= Assignment =
Would you return, word for word, the lines of the data below from the line with "Women's Lands' End" through the line with "4pcs Music Notes", and no others?

= Supplied records =
+--
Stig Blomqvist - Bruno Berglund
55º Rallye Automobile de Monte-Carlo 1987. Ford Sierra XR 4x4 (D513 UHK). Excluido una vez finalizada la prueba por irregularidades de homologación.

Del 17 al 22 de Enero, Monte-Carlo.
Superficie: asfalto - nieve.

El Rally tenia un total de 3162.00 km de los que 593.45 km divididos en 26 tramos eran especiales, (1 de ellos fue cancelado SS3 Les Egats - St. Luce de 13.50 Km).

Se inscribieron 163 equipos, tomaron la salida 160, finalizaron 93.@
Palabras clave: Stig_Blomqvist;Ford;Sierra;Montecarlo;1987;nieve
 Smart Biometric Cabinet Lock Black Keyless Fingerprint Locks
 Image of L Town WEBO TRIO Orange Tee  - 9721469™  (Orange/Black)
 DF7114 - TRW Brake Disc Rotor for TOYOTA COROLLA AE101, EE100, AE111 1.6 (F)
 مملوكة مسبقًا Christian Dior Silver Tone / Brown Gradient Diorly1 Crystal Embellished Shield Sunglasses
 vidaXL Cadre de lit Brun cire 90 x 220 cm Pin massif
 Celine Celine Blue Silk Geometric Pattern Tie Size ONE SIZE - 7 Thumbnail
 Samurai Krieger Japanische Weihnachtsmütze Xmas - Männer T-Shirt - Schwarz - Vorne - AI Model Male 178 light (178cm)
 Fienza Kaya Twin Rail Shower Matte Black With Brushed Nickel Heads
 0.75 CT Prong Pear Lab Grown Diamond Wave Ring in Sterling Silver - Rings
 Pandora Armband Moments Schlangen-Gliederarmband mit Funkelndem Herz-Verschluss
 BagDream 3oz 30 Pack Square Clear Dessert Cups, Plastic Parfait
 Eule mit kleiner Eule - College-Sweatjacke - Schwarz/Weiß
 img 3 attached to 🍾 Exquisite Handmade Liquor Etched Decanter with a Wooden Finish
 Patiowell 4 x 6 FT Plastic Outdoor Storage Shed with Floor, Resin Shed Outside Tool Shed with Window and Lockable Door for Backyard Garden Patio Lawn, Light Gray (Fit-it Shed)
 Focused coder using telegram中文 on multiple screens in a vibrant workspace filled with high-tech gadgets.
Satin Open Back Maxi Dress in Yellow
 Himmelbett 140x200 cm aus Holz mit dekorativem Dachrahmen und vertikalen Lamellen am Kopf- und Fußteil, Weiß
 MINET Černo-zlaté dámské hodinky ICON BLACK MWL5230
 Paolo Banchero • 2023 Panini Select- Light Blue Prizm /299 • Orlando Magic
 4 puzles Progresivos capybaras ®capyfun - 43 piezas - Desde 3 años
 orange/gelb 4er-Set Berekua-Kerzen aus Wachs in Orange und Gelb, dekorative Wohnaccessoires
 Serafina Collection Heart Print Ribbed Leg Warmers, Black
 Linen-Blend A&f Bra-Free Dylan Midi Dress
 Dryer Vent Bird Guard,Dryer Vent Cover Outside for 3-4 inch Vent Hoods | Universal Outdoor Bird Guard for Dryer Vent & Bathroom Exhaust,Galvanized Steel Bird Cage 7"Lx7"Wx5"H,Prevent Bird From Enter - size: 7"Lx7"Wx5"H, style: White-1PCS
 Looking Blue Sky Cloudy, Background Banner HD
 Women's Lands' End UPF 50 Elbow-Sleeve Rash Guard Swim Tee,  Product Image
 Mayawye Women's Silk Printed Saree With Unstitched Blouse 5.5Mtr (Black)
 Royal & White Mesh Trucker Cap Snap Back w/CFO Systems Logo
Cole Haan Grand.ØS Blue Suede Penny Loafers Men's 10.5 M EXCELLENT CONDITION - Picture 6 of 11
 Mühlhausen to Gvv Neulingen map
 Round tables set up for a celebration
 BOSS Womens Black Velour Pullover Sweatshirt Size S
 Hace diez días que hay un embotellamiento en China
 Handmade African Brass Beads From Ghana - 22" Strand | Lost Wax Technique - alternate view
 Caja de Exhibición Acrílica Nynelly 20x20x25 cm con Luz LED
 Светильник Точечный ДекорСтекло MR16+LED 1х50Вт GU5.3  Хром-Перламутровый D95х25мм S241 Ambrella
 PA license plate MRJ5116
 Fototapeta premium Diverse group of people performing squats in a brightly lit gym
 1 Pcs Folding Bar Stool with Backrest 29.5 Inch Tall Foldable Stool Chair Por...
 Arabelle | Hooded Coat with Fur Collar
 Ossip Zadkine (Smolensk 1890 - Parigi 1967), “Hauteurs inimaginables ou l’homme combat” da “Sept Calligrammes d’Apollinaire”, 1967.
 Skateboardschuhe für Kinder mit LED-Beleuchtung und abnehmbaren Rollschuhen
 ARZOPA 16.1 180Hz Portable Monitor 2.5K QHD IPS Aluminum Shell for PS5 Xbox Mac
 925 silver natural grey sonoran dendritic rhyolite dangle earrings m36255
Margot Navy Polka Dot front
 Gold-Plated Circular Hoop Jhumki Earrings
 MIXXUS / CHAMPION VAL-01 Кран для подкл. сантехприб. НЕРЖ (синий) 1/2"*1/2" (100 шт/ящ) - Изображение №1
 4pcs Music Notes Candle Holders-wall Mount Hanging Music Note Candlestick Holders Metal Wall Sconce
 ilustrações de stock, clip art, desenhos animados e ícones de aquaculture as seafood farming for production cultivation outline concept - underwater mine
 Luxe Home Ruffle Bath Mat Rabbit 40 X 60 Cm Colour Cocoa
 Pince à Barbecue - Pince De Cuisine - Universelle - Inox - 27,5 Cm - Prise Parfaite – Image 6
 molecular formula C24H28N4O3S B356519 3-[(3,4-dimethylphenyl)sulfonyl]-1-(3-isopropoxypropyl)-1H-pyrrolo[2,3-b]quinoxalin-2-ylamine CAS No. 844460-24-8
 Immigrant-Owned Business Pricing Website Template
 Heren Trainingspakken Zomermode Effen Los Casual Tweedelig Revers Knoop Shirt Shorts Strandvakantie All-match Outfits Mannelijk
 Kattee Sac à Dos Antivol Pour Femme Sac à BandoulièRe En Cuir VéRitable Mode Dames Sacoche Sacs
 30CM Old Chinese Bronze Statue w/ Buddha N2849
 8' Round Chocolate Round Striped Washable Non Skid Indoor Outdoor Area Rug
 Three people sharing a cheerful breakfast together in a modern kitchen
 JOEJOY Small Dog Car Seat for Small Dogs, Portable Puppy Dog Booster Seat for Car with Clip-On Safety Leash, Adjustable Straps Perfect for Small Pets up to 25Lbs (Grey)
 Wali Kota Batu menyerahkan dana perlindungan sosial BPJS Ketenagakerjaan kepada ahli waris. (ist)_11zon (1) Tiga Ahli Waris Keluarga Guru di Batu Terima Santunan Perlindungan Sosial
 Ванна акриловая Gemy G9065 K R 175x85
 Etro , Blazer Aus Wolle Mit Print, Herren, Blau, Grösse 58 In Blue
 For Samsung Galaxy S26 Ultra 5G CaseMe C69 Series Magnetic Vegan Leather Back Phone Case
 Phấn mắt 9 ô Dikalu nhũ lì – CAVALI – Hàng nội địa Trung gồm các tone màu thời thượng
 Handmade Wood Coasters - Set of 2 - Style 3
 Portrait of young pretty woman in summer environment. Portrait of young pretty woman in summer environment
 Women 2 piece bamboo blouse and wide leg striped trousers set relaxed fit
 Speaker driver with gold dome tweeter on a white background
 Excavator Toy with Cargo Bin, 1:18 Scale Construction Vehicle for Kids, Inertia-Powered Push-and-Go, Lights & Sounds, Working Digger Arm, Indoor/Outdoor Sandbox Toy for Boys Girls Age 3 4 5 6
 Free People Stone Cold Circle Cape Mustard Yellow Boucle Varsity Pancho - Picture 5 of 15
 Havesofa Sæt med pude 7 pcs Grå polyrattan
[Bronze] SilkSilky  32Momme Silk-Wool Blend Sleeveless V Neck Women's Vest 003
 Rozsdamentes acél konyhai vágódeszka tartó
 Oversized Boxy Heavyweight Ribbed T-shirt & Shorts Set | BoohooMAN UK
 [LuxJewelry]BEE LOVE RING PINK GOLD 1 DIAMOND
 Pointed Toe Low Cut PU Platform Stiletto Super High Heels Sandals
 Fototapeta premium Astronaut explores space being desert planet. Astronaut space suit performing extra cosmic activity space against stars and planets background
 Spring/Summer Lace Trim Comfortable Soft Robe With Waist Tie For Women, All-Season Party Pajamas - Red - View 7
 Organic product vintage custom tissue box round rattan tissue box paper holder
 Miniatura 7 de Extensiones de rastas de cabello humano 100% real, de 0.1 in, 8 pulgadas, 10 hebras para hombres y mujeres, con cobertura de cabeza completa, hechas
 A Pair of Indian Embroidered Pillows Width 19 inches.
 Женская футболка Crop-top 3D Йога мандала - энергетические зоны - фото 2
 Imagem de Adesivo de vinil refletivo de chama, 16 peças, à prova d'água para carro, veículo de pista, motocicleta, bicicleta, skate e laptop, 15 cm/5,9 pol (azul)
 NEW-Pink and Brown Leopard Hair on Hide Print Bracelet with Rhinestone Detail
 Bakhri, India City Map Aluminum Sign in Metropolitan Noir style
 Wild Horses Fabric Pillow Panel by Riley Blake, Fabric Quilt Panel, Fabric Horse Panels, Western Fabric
+--
= Exercise result =
 Women's Lands' End UPF 50 Elbow-Sleeve Rash Guard Swim Tee,  Product Image
 Mayawye Women's Silk Printed Saree With Unstitched Blouse 5.5Mtr (Black)
 Royal & White Mesh Trucker Cap Snap Back w/CFO Systems Logo
Cole Haan Grand.ØS Blue Suede Penny Loafers Men's 10.5 M EXCELLENT CONDITION - Picture 6 of 11
 Mühlhausen to Gvv Neulingen map
 Round tables set up for a celebration
 BOSS Womens Black Velour Pullover Sweatshirt Size S
 Hace diez días que hay un embotellamiento en China
 Handmade African Brass Beads From Ghana - 22" Strand | Lost Wax Technique - alternate view
 Caja de Exhibición Acrílica Nynelly 20x20x25 cm con Luz LED
 Светильник Точечный ДекорСтекло MR16+LED 1х50Вт GU5.3  Хром-Перламутровый D95х25мм S241 Ambrella
 PA license plate MRJ5116
 Fototapeta premium Diverse group of people performing squats in a brightly lit gym
 1 Pcs Folding Bar Stool with Backrest 29.5 Inch Tall Foldable Stool Chair Por...
 Arabelle | Hooded Coat with Fur Collar
 Ossip Zadkine (Smolensk 1890 - Parigi 1967), “Hauteurs inimaginables ou l’homme combat” da “Sept Calligrammes d’Apollinaire”, 1967.
 Skateboardschuhe für Kinder mit LED-Beleuchtung und abnehmbaren Rollschuhen
 ARZOPA 16.1 180Hz Portable Monitor 2.5K QHD IPS Aluminum Shell for PS5 Xbox Mac
 925 silver natural grey sonoran dendritic rhyolite dangle earrings m36255
Margot Navy Polka Dot front
 Gold-Plated Circular Hoop Jhumki Earrings
 MIXXUS / CHAMPION VAL-01 Кран для подкл. сантехприб. НЕРЖ (синий) 1/2"*1/2" (100 шт/ящ) - Изображение №1
 4pcs Music Notes Candle Holders-wall Mount Hanging Music Note Candlestick Holders Metal Wall Sconce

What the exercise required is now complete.